Fransa'ya döndüğü kısa süre sonra fark edilince Paris'te tutuklanan Sade, kaçmayı yine başarır ve bu kez karısının yanına, Lacoste kalesine sığınır. Her şeye rağmen ona kucak açan karısı, bir anda suç ortağı oluverir. Birlikteliklerinde; kaleye işçileri ve hizmetçi kızları hapsederler, seks partilerinde onları kendi zevkleri için araç olarak kullanırlar. Ancak şikayet edilmeleri sonucu tekrar hapis yolu görünür. Böylece bir kez daha İtalya'ya kaçmak zorunda kalır.
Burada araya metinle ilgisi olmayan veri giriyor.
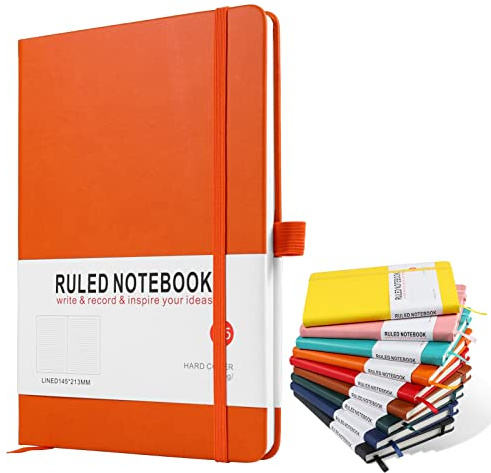 A5 Notebook, Journal Note Pad 200 Pages 80 GSM Journal Notebook Hardback Notepad with Lined Pages, Pen Loop and Expandable Paper Pocket, Journal Notepad Note Book-Orange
1776 yılında tekrar ülkeye dönen ve tekrar Lacoste kalesine sığınan Sade, başına gelenlere rağmen vazgeçmemekte, onu felakete sürükleyen bu yaşantıya devam etmektedir. Son olarak 1777 yılında tutuklanır ancak idam kararı mahkumiyete dönüşmüştür. Önce Vincennes Hapishanesi'nde, ardından Bastille Hapishanesi'nde devam edecek olan bu mahkumiyet süreci, 1789 yılına kadar olağan şekilde ilerler.
2 Temmuz 1789 yılında, Fransız İhtilali'nin de patlak vermiş olmasının etkisiyle, Bastille Hapishane'si önüne biriken kalabalığa doğru savurduğu, mahkumların hapishanede katledildiğine dair kışkırtıcı sözleri sonrası, sadece birkaç gün içerisinde Chareton Akıl Hastanesi'ne gönderilir. Bu olaydan sadece 12 gün sonra, 14 Temmuz 1789 yılında tarihe geçen Bastille Baskını yaşanır ve kralın kararı ile hüküm giymiş olan, itiraz hakları dahi bulunmayan mahkumlar halk tarafından serbest bırakılır.
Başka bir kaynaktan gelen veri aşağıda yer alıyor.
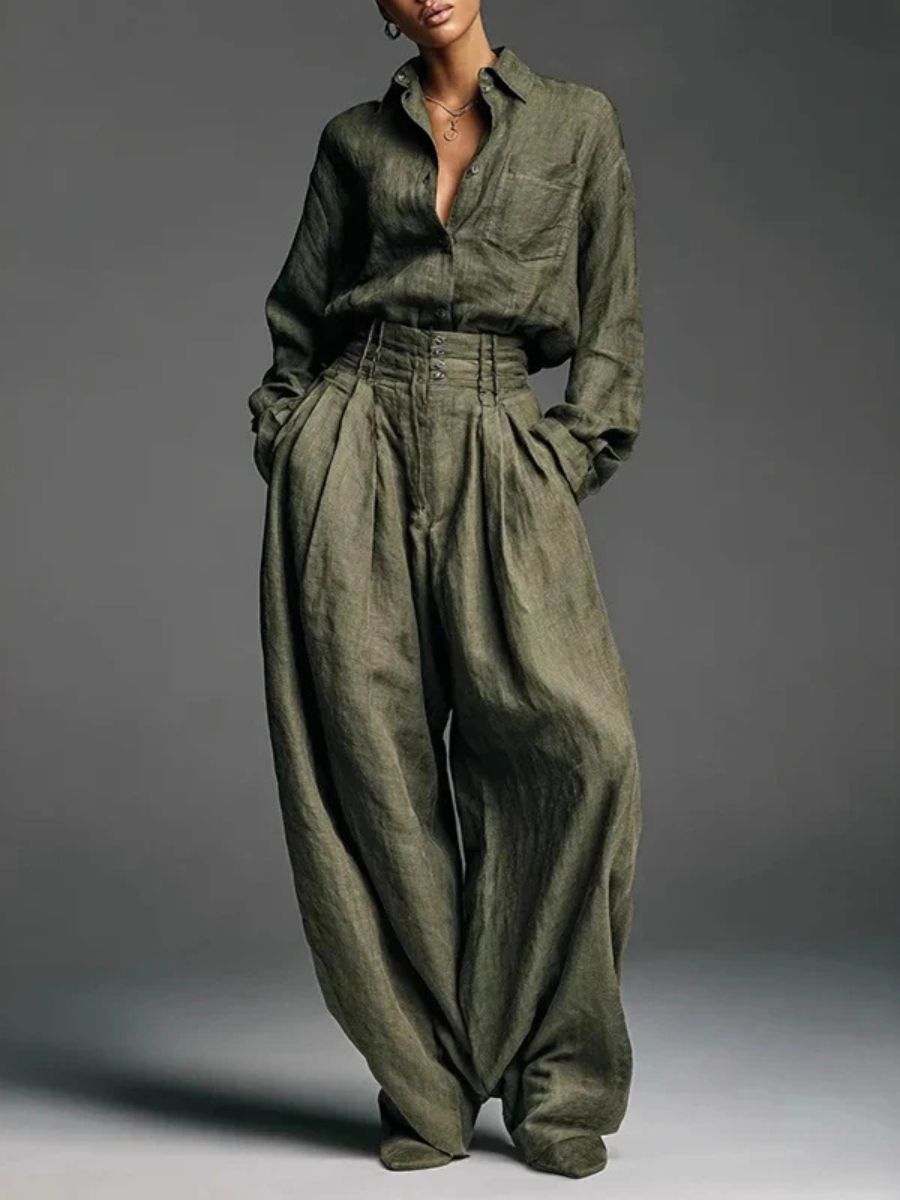 Army green shirt and wide-leg pants set, button-front top with gathered waist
1790 yılında ise kendisi gibi mühürlü mektup kurbanlarından oluşan birçok kişi, devrimciler tarafından serbest bırakılır.
Skandallarla Anılan Bir Yazar
Uzun süreli mahkumiyeti boyunca, sıkıntısını gidermek amacıyla kendini yazmaya verir Sade. Ancak kendisi gibi yazıları da sıradan değildir. Alışılmış hikayelerin, klasik romanların aksine erotik eserler yazmaya başlar. Hayatında hakimiyet kuran seks ve şiddet arzusu, kitaplarında da kendini gösterecektir.
1790 yılında, en nihayetinde mahkumiyetten kurtulduktan sonra işler pek de yolunda gitmez Sade için. Devrim sırasında karısı tarafından terk edilir, ayrıca yine bu devrim esnasında bütün malları, mülkleri yağmalanmıştır. Kendini bir anda sefalet içinde bulur. Hayatta kalabilmek için çeşitli anonim eserler ve tiyatro oyunları yazar. Bu sefalete rağmen, hayatı boyunca bir görünüp bir kaybolan şansı tekrar beliriverir ve eski bir oyuncu olan Marie-Constance Quesnet ile tanışır. Bu tanışmadan sonra, ömrünün sonuna kadar, sonraları akıl hastanesinde dahi onunla birlikte yaşayacaktır.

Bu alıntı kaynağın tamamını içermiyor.